-- Assignment --
Print the records below exactly. Omit every picture.

-- Given data --
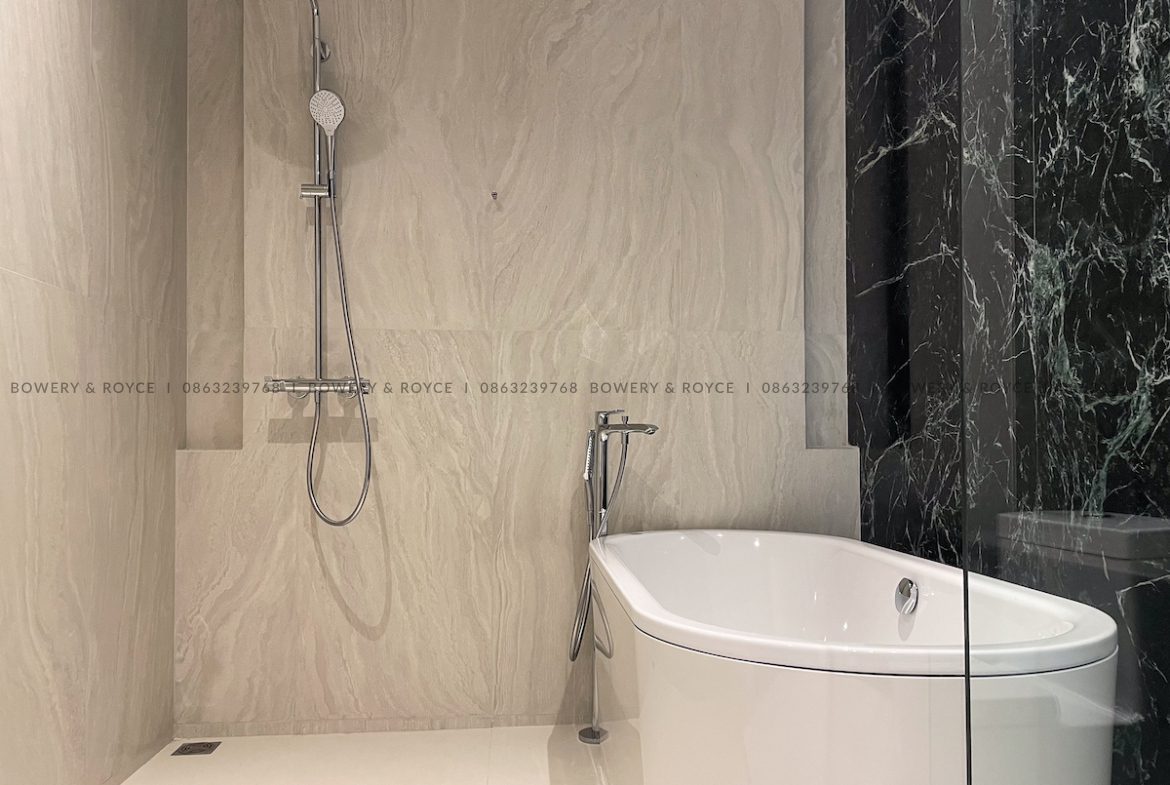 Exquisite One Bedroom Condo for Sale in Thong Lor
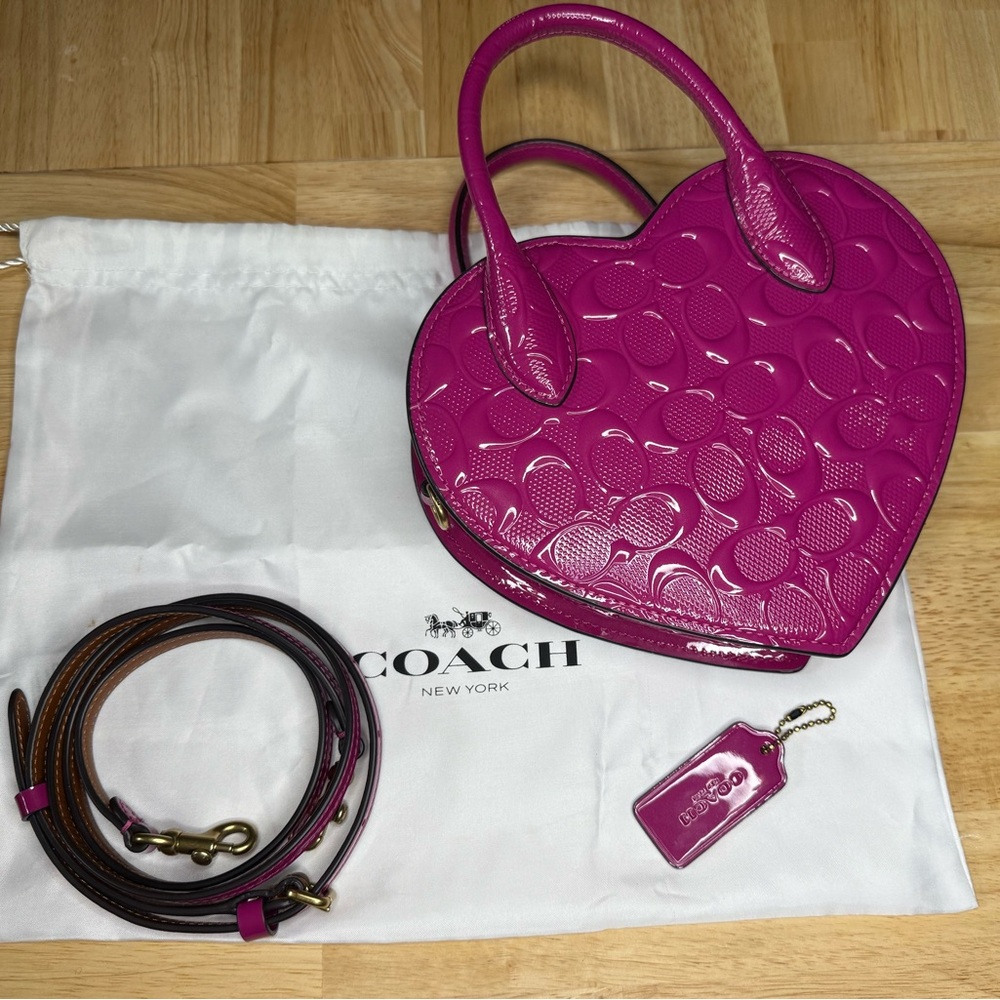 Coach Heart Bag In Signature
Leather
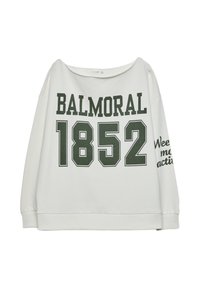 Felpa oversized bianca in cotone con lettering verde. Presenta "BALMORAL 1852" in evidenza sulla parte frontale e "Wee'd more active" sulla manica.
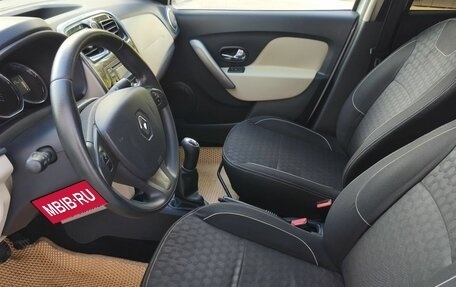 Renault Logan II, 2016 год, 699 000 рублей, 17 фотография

-- Task result --
 Exquisite One Bedroom Condo for Sale in Thong Lor
 Coach Heart Bag In Signature
Leather
 Felpa oversized bianca in cotone con lettering verde. Presenta "BALMORAL 1852" in evidenza sulla parte frontale e "Wee'd more active" sulla manica.
 Renault Logan II, 2016 год, 699 000 рублей, 17 фотография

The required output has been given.